THE first three lines of Led Zeppelin's 1971 rock classic "Stairway to Heaven" speak of a lady who's sure "all that glitters is gold" and who is "buying a stairway to heaven."
This, according to social scientists, is a clear reference to drug use. Acapulco gold. Buying a means to get high in the sky. Not to mention the next lines: "When she gets there she knows, If the stores are all closed, With a word she can get what she came for."
Fortunately for the morals of an entire generation of slow-dancers, few did.
In fact, when a team of California psychologists recently surveyed a group of several hundred teen-agers, none of the students who listed "Stairway to Heaven" among their favorite tunes made the association between the lyrics and drug use.
"It's about going to heaven through a stairway and the stairway has problems along the way," was one typical response.

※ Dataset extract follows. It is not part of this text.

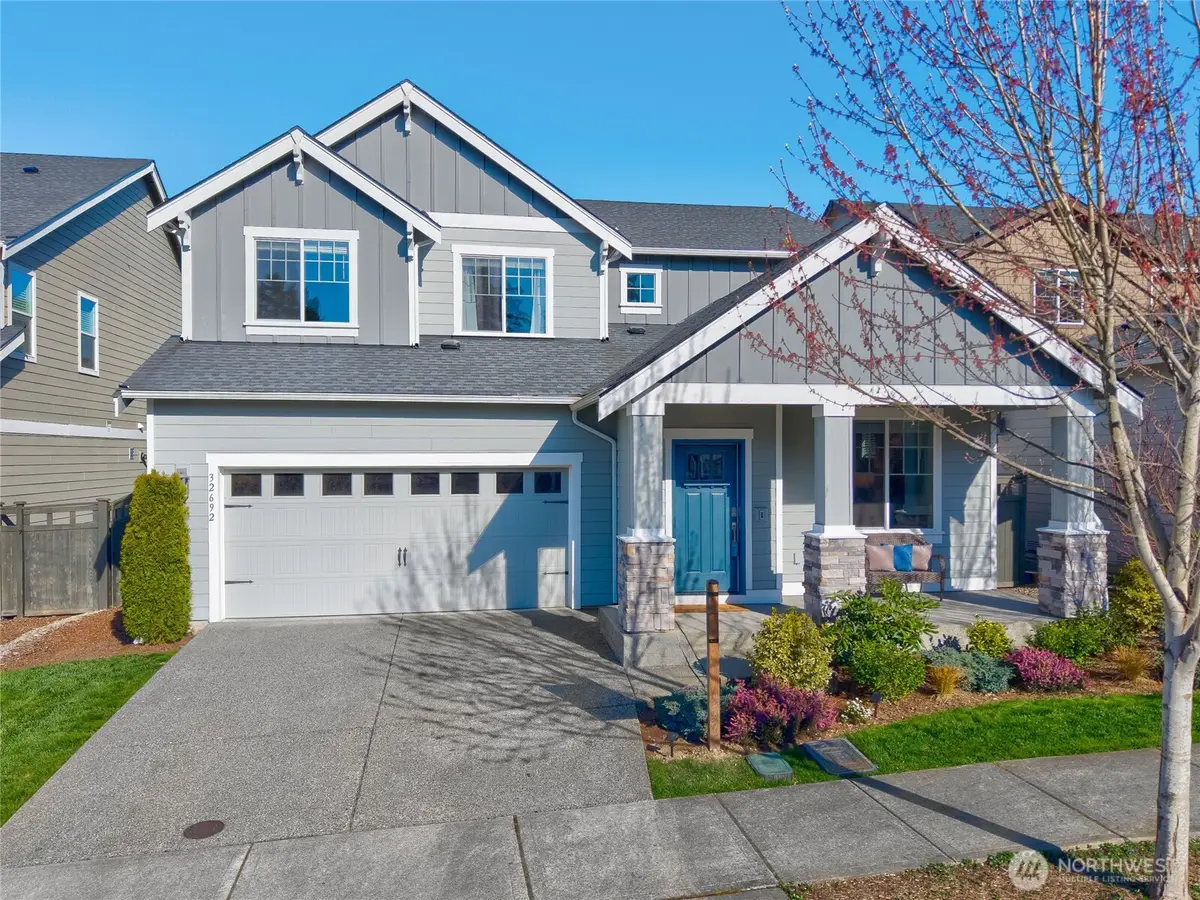 32692 Ash Avenue Se, Black Diamond, WA 98010 - #1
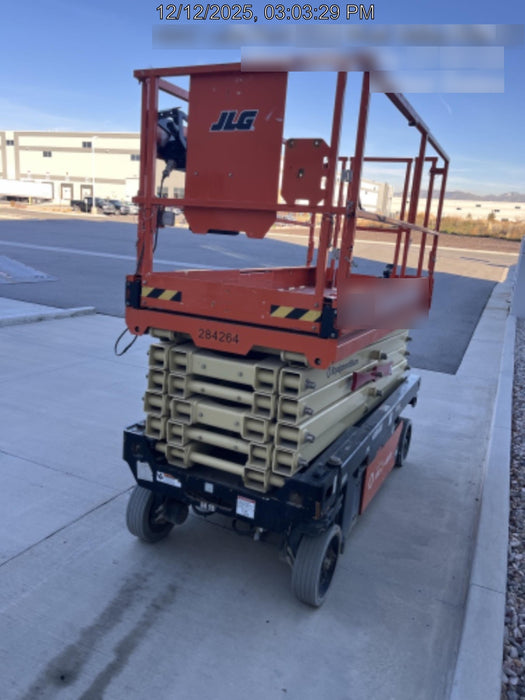 2022 JLG R4045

In the past few years, widespread concern that rock lyrics corrupt young minds has led to the formation of numerous angry-parent groups, the adoption of warning stickers on albums and a nationwide controversy over the rap group 2 Live Crew. But as social scientists have attempted to verify these worries, they have come up empty.
In this research, teen-agers have been given printouts of the lyrics to popular songs and asked for their interpretations. They have filled out multiple-choice questionnaires about songs they've heard 100 times on the radio.

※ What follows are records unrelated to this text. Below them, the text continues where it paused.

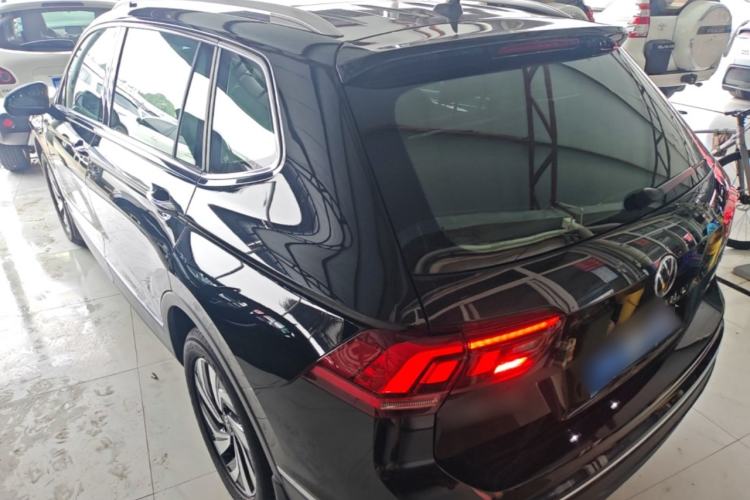 Used Volkswagen Tiguan L 2024 Outstanding Model 300TSI Automatic Two-Wheel Drive Longteng Edition Rear Left 45 Deg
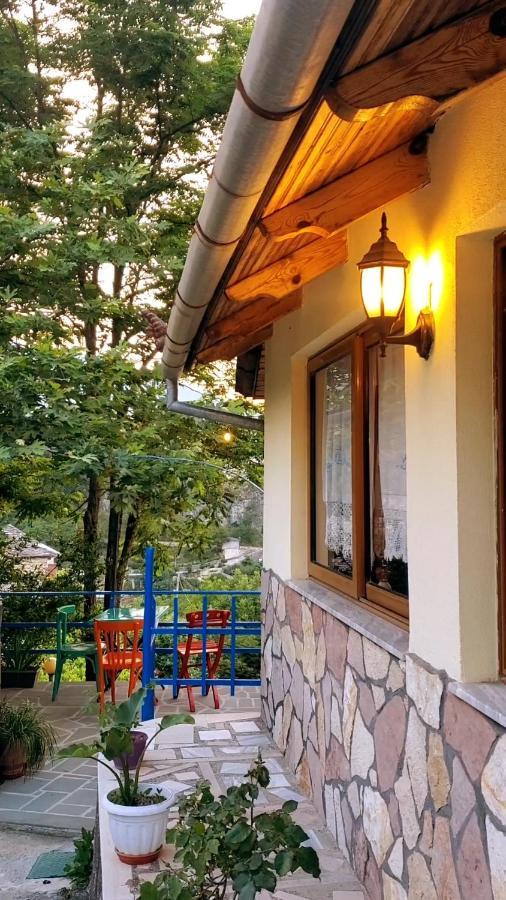 Clockwise Guestrooms Gjirokastër Dış mekan fotoğraf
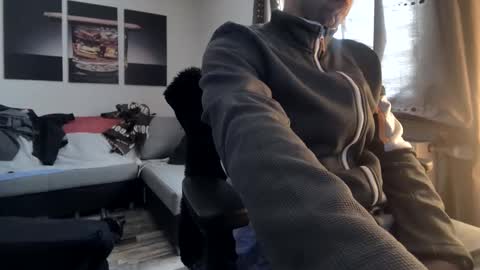 Snapshot of plboy23 chatting on 10/05/25, 09:51 Hello ask me . Im glad to see you here in my room. Welcome PVT is open online show from 10/05/25, 09:51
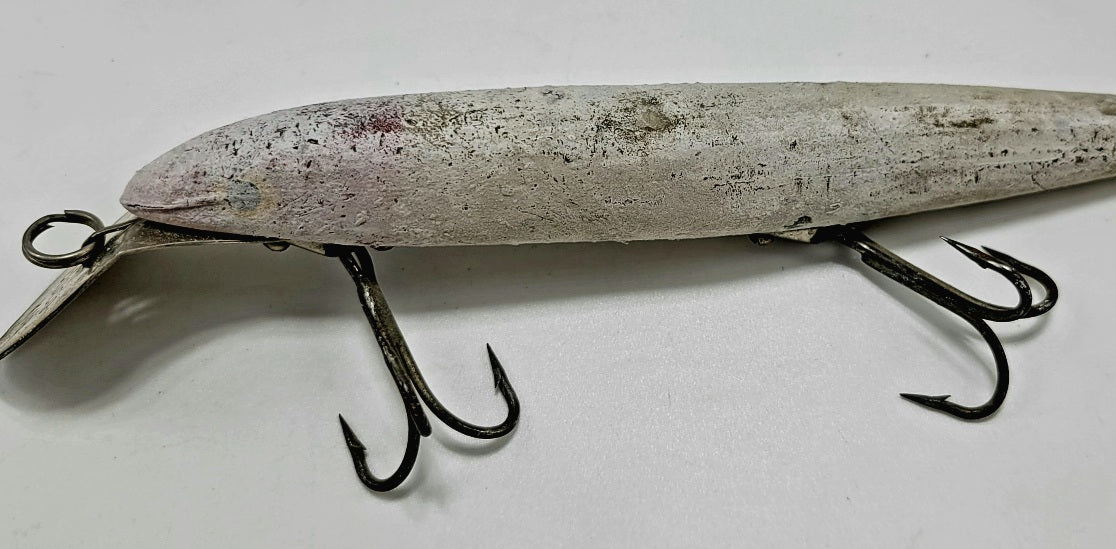 CISCO KID- OFF WHITE WITH LIGHT PURPLE DIVING FISHING LURE WITH 3 HOOKS-9" - Grannies Garage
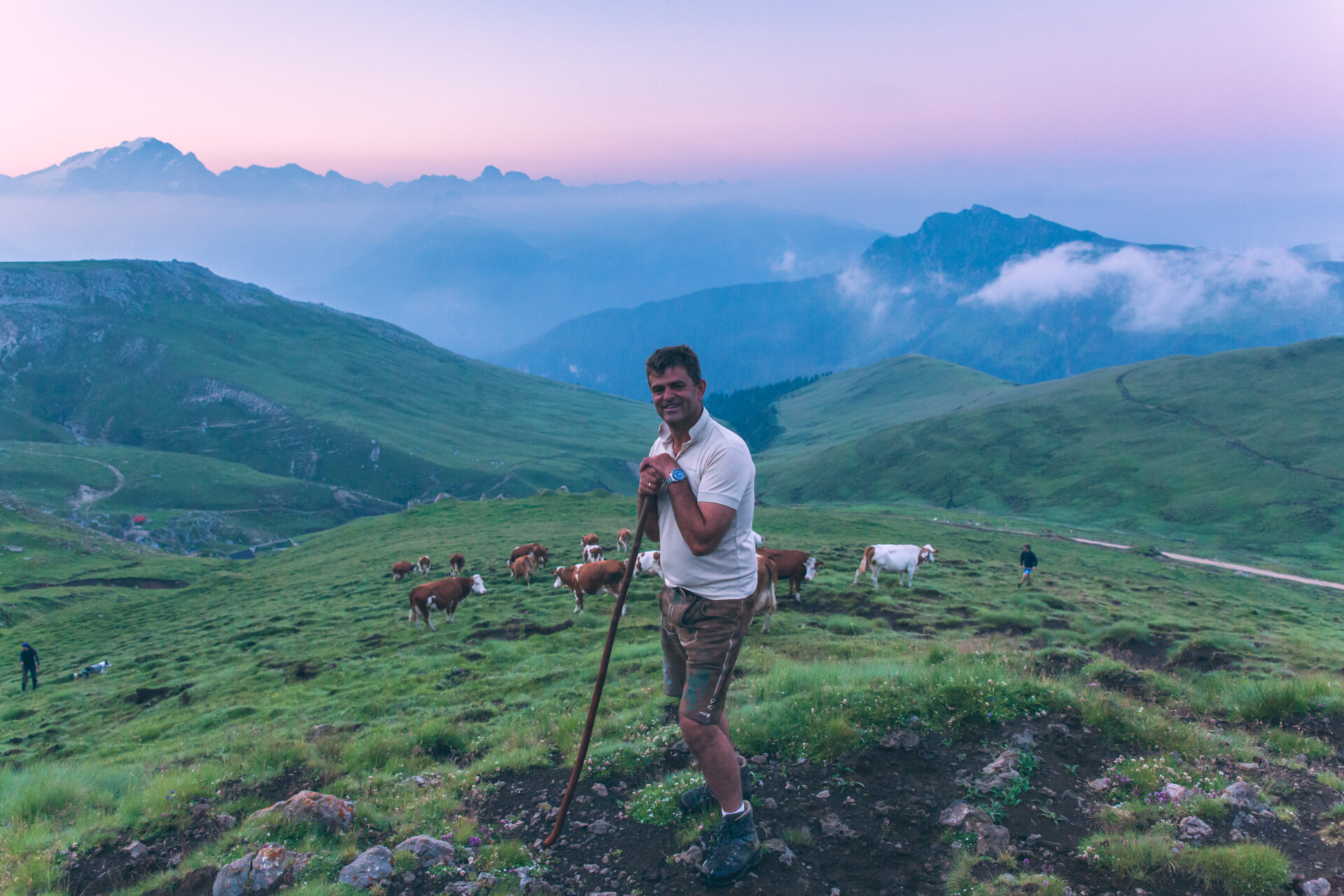 Pastore che sorride al tramonto in alpeggio in Val di Fassa | © Patricia Ramirez  - Archivio Immagini ApT Val di Fassa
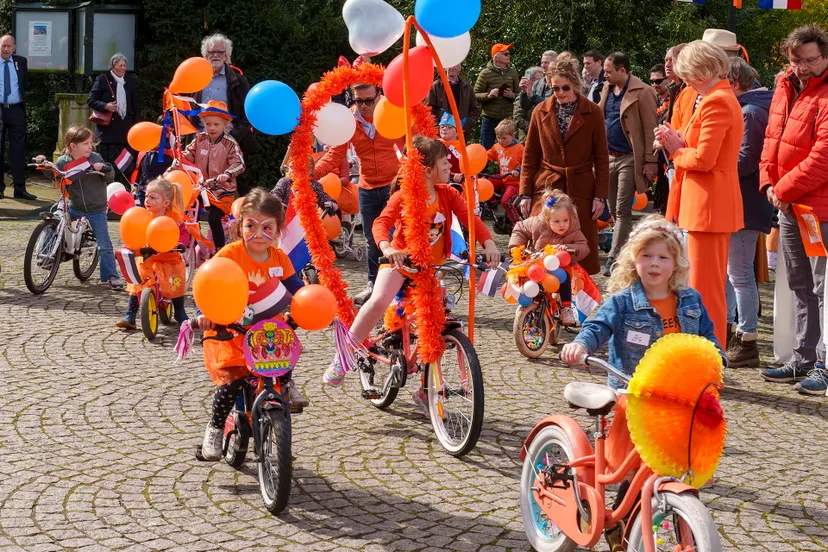 raadhuis en fiets 2023 066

In virtually every case the answer has been the same: Few young people listen closely to a song's lyrics, even when the words are distinct and explicit. Fewer remember the lyrics. And fewer still understand them.
This doesn't mean psychologists have abandoned their concerns about the influence of pop culture on children. But some researchers have begun to argue that the effect of rock music on teen-agers - if it exists at all - is far more complicated and subtle than Johnnie hearing "Lucy in the Sky with Diamonds" one too many times and deciding to take LSD.

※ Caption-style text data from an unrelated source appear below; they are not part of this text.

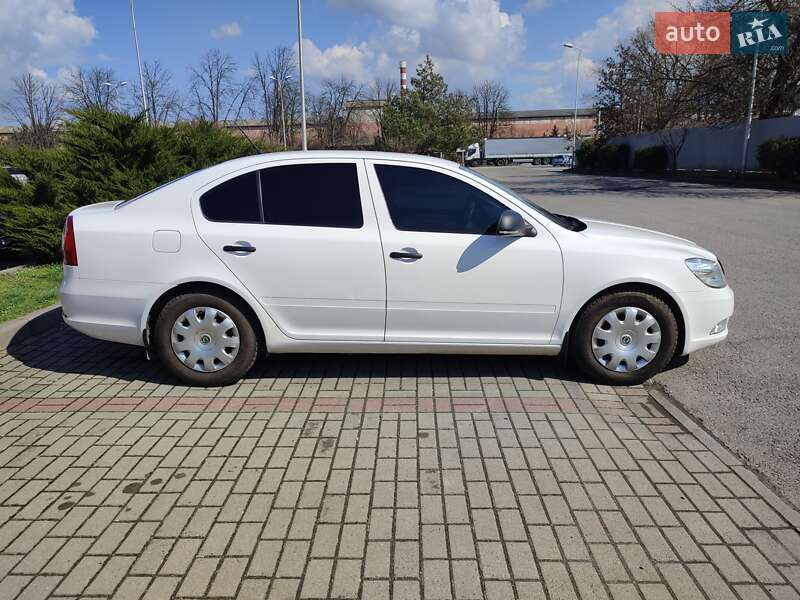 Лифтбек Skoda Octavia 2012 в Ужгороде фото 9 Лифтбек Skoda Octavia 2012 в Ужгороде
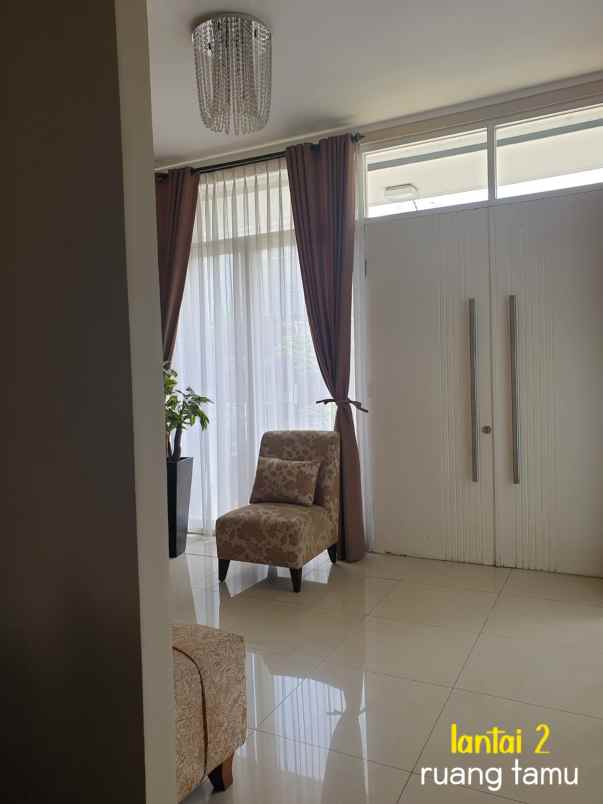 rumah level split kebayoran residence bintaro jaya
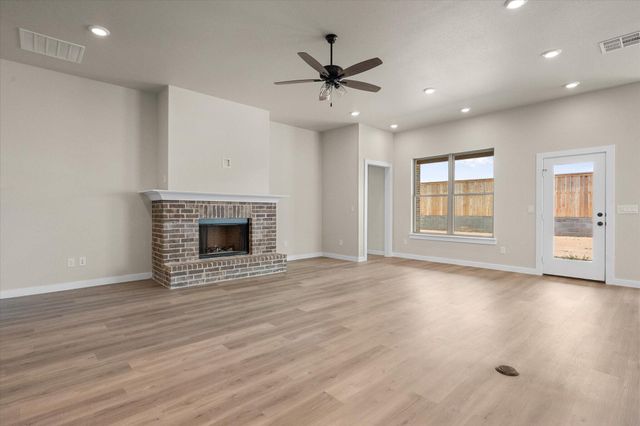 1410 E 29th Street, Wolfforth, TX 79382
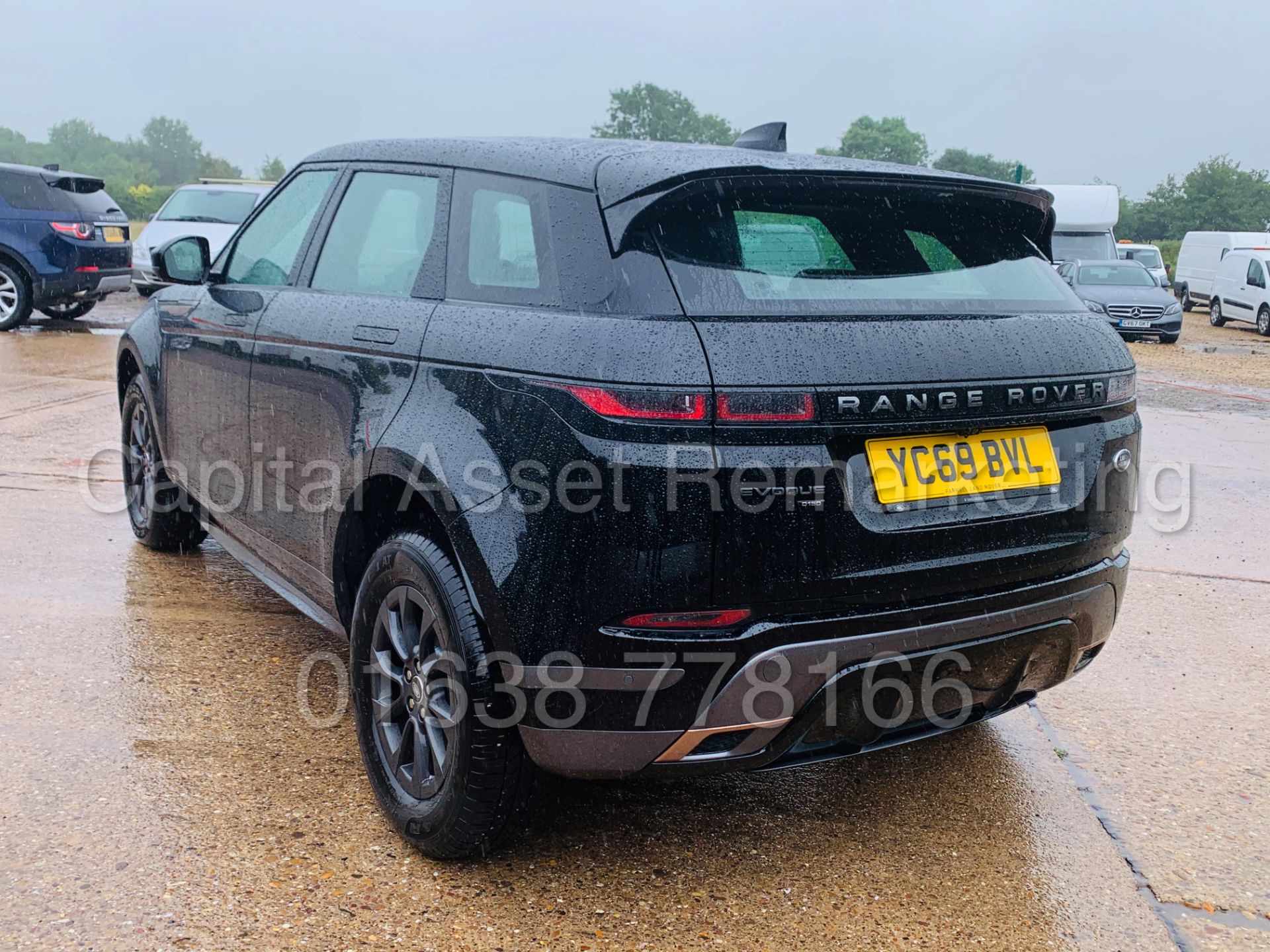 (On Sale) RANGE ROVER EVOQUE *R-DYNAMIC* (69 REG - NEW MODEL) '2.0 D150' (1 OWNER) **MASSIVE SPEC** - Image 9 of 49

The central empirical discovery in lyrics research is that young people don't care that much about the lyrics to songs.
Surveys of teen-agers consistently show that when asked to list their reasons for liking a song, they put things such as "it helps me to relax" and "it's good to dance to" at the top of the list and "I want to listen to the words" at the bottom.
Because they don't usually listen to lyrics, teen-agers tend to form opinions of songs based on other, sometimes inaccurate, information. For example, the 1984 Bruce Springsteen hit single "Born in the USA" contains in every verse explicit references to despair and disillusionment.
Yet in a study of schoolchildren by a group of psychologists at the University of California at Los Angeles, none of a sample of fourth graders - and only 30 percent of eighth graders, 40 percent of high-school seniors and half of college students - understood what the song was about, even after being given samples of the song's lyrics. Most assumed, because of the title, that the song was a patriotic anthem.
Does this mean parents shouldn't worry about rock lyrics? The answer is unclear. Some experts, for example, argue it is possible that teen-agers could still be affected by lyrics even if they don't explicitly remember or comprehend them.
"If you ask people what advertising they remember, most can recall only very few," said George Gerbner, a communications professor at the University of Pennsylvania's Annenberg School. "People don't actively remember most of the things they encounter every day. But that doesn't necessarily mean they haven't absorbed it and internalized the attitudes and perspectives represented there."